Many folks have been wondering where the DirectX SDK (the developers package for writing DX applications) update has been. Microsoft had been churning them out like clockwork but – pfffft- nothing for over a year. With the advent of hardware accelerated UI elements (DWM – the Desktop Window Manager) and the optimized software rasterizer (Microsoft’s WARP), it’s pretty obvious that MS has realized that utilizing hardware acceleration (even if it’s a software fallback) of the entire desktop is imperative.

This was posted under “Where is the DirectX SDK?” on the MSDN web site, along with the following quote;

Starting with Windows 8 Consumer Preview, the DirectX SDK is included as part of the Windows SDK.

We originally created the DirectX SDK as a high-performance platform for game development on top of Windows. As DirectX technologies matured, they became relevant to a broader range of applications. Today, ubiquity of Direct3D hardware in computers drives even traditional desktop applications to use graphics hardware acceleration. In parallel, DirectX technologies are more integrated with Windows. DirectX is today a fundamental part of Windows.

Because the Windows SDK is the primary developer SDK for Windows, we now ship DirectX as part of the Windows SDK. You can now use the Windows SDK to build great games for Windows.

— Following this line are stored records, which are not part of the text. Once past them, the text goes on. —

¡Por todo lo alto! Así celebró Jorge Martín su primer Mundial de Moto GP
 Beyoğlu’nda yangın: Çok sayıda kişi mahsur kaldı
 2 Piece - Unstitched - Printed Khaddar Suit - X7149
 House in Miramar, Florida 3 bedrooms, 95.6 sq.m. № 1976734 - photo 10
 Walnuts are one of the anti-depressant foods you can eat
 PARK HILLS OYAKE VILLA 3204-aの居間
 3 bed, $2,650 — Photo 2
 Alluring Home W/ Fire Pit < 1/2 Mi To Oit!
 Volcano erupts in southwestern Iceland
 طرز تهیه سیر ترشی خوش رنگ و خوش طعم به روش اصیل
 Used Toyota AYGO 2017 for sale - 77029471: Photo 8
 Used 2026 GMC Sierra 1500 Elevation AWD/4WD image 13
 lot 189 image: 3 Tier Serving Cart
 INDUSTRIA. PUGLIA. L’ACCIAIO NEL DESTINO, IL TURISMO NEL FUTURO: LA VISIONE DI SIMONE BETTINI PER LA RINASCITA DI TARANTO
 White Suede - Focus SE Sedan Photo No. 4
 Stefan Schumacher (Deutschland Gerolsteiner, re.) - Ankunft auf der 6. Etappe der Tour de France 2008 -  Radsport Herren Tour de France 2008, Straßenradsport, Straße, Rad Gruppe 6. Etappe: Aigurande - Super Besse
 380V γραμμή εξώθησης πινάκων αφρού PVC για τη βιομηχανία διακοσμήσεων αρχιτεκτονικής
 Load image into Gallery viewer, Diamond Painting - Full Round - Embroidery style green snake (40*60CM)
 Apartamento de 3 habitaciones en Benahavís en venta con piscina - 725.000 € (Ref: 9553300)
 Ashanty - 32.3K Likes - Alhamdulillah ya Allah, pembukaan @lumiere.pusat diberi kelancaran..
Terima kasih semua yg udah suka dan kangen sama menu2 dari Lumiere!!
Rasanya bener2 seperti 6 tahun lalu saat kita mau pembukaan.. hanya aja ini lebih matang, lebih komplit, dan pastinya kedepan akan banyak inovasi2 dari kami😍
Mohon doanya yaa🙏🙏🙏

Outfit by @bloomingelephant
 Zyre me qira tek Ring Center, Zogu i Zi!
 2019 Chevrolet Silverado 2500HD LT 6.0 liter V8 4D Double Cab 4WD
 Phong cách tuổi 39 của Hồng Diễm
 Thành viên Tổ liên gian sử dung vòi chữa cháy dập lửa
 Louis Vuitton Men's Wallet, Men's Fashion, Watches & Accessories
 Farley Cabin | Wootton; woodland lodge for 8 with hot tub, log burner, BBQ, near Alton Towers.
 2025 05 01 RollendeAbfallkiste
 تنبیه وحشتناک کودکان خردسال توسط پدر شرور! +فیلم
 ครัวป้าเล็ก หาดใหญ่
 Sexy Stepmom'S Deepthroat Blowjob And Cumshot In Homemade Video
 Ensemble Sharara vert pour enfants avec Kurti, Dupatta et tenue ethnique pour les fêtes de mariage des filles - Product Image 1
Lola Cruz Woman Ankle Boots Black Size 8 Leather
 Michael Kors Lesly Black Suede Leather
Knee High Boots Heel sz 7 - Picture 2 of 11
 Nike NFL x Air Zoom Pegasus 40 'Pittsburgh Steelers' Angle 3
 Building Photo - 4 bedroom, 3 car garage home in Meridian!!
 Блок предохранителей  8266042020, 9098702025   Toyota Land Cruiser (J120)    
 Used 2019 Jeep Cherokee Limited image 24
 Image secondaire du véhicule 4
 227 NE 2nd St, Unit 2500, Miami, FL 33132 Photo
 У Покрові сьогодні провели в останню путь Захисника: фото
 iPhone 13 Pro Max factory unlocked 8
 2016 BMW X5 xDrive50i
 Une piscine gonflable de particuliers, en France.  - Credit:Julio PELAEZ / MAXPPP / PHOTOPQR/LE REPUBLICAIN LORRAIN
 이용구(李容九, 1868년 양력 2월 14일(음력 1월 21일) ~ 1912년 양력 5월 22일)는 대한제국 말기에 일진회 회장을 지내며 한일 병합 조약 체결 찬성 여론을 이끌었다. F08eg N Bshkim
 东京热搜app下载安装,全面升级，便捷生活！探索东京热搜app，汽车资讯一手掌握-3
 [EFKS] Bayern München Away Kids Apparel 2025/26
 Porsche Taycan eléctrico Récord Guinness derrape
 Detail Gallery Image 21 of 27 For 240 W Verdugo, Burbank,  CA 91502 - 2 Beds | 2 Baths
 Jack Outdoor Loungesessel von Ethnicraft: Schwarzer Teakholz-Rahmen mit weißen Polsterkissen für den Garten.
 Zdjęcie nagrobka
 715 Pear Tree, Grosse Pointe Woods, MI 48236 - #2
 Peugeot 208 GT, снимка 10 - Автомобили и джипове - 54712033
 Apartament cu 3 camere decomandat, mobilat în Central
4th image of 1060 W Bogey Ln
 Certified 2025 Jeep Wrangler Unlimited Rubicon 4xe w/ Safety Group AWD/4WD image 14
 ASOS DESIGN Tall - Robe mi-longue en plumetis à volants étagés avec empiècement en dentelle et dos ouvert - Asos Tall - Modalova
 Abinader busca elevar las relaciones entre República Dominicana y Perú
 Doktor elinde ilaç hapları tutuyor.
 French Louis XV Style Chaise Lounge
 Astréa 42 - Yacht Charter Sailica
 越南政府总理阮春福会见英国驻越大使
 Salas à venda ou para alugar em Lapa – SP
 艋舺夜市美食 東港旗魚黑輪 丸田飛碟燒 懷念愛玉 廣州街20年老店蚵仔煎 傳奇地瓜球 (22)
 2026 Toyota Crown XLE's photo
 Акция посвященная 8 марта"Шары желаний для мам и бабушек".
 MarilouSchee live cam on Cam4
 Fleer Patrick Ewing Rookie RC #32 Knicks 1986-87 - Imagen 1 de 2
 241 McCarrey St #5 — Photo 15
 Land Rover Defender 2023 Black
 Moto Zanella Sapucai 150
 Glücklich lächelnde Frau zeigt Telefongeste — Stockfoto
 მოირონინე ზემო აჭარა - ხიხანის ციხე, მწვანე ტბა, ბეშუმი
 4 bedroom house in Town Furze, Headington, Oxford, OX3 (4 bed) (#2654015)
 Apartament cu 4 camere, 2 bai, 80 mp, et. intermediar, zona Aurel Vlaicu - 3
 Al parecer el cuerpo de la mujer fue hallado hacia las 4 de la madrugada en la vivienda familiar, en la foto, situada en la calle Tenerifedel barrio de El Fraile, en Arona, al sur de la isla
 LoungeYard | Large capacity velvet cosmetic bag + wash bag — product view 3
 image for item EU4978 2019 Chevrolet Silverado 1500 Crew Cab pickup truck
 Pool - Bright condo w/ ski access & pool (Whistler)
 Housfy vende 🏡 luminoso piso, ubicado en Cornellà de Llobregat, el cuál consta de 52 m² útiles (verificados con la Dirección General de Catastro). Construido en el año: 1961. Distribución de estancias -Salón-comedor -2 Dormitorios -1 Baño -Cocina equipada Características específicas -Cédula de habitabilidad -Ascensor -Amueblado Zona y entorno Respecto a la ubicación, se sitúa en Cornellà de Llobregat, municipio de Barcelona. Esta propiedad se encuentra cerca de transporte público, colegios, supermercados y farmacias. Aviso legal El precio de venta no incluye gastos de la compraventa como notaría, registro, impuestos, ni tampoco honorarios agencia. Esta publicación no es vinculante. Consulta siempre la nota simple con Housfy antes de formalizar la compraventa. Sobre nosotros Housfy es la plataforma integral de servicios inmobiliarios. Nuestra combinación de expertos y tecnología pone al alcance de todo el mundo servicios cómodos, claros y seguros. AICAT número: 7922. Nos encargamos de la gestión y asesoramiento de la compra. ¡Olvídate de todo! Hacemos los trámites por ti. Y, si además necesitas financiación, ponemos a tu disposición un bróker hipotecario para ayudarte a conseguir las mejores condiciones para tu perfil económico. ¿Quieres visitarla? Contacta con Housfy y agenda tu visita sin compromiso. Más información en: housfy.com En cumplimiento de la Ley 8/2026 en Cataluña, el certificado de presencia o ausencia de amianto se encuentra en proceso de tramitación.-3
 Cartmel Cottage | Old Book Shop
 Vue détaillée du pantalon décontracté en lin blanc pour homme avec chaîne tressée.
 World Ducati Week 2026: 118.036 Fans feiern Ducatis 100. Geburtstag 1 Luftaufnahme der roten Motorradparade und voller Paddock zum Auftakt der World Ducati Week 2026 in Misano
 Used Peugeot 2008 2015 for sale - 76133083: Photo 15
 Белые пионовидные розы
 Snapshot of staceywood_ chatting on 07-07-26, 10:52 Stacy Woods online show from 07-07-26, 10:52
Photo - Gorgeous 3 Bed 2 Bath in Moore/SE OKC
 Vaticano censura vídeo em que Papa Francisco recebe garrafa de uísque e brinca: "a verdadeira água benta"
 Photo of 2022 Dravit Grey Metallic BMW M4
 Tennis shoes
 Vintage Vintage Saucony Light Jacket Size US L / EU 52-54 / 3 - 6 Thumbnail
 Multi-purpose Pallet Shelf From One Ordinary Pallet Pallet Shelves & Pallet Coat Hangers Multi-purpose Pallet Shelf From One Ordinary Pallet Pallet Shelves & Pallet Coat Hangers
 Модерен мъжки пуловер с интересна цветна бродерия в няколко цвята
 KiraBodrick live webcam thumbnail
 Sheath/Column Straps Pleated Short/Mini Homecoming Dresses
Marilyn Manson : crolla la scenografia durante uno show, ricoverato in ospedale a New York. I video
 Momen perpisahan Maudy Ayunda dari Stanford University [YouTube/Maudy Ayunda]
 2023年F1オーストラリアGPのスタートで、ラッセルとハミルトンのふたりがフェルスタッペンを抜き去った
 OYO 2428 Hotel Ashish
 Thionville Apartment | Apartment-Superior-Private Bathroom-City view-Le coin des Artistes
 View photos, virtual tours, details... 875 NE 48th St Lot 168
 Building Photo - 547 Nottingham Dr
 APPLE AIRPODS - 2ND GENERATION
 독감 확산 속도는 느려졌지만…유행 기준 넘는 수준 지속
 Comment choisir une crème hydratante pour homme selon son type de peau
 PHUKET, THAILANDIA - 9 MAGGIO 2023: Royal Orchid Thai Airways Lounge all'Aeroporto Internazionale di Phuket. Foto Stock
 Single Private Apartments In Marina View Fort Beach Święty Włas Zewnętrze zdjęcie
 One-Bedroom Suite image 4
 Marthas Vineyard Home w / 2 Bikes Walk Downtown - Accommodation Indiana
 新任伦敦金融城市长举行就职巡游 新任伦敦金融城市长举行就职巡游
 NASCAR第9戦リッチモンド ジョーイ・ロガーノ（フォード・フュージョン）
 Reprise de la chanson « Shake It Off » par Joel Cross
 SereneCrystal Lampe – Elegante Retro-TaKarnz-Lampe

So starting with Win8 we’re not going to see a lot of innovation in the graphics API anymore, especially if if only get major updates with a new operation system. Of course there’ll be service packs, but it’s rare for a service pack to modify an API beyond minor tweaks. I suspect that with the folding in of DirectX into the operating system innovation will slow as the graphics system becomes a resource managed by the operating system, rather than just a host for a graphics program.